> INFORMATION PROVIDED:
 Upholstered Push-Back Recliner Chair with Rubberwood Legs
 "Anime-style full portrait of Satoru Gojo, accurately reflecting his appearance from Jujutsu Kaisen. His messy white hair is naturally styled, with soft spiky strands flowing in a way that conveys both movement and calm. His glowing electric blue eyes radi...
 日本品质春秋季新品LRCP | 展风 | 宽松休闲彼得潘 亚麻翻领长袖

> WHAT IS EXPECTED: Return the data above in full, keeping each line exactly as it stands.

> FINISHED EXERCISE:
 Upholstered Push-Back Recliner Chair with Rubberwood Legs
 "Anime-style full portrait of Satoru Gojo, accurately reflecting his appearance from Jujutsu Kaisen. His messy white hair is naturally styled, with soft spiky strands flowing in a way that conveys both movement and calm. His glowing electric blue eyes radi...
 日本品质春秋季新品LRCP | 展风 | 宽松休闲彼得潘 亚麻翻领长袖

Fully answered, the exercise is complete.